The goal of semanti.ca (pronounced seh-man-tee-kah) is to make the information on the Web accessible in its pure form. We build an AI-powered technology that looks at web pages and sees the information they contain. The modern web pages are noisy, user interface fashion and technology are constantly changing, but semanti.ca keeps bringing you clean, normalized and organized information from noisy and ever-changing Web. Whether you provide an online service that relies on web content, or a data-driven business-to-business software, do technology or competitive intelligence, you can rely on us.
semanti.ca is an AI-powered scalable web article data extraction API. To extract data, semanti.ca loads a web article in a browser and reads it, just like humans do. semanti.ca accurately recognizes titles, headlines, published and updated dates, images, captions, tags. It extracts the content text and the HTML code, by ignoring advertisements, design elements, and any other text or image not related to the main content.

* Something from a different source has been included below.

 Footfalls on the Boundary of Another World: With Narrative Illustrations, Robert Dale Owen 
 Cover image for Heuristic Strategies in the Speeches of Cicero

semanti.ca is not tailored to some specific website UI or technology. It was trained on hundreds of thousands of examples and is capable of recognizing relevant elements on the web page, independently of how the web page was built. It actually "looks" at the web pages and recognizes the content by using a statistical model learned from data.
Furthermore, semanti.ca classifies the extracted content according to the IPTC Media Topics Taxonomy and extracts key phrases from the text. This helps our customers to organize the extracted content.
We believe that if you do something you have to do that better than anyone else. Otherwise, what is the point of doing anything?
To ensure the highest quality of our statistical models, we constantly add new training data to improve them. We monitor the data our clients send to us and analyze how our AI reacts to it. If our AI could have reacted better to some client's input, believe us, we will make sure that next time it will.